# Try it
Give the number of lines in the data below where the word "down" appears, and nothing besides.

# Data for analysis
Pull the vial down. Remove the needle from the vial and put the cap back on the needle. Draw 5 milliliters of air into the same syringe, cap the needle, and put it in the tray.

...

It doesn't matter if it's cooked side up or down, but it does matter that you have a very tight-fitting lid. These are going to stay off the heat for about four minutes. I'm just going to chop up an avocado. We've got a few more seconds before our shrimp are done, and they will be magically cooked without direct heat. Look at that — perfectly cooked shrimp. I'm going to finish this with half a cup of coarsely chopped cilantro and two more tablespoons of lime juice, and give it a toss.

...

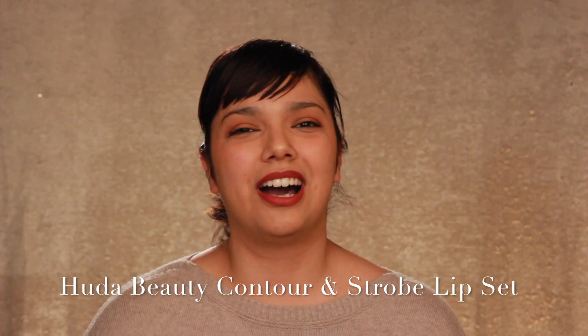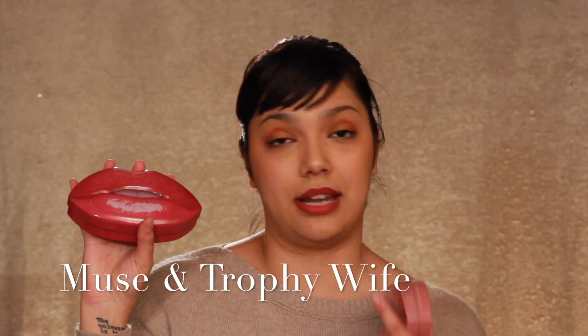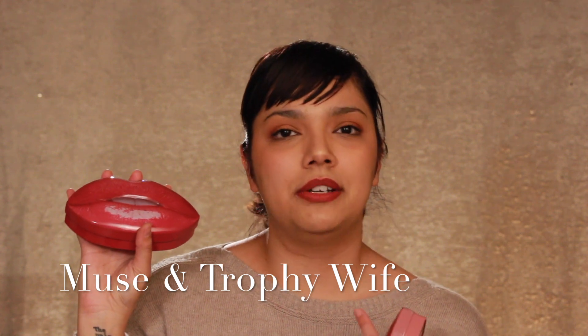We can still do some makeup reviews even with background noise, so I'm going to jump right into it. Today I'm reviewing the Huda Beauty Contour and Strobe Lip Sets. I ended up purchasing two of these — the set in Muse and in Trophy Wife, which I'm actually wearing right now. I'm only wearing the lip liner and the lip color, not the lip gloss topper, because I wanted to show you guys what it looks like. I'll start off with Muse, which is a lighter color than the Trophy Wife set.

# Response area
2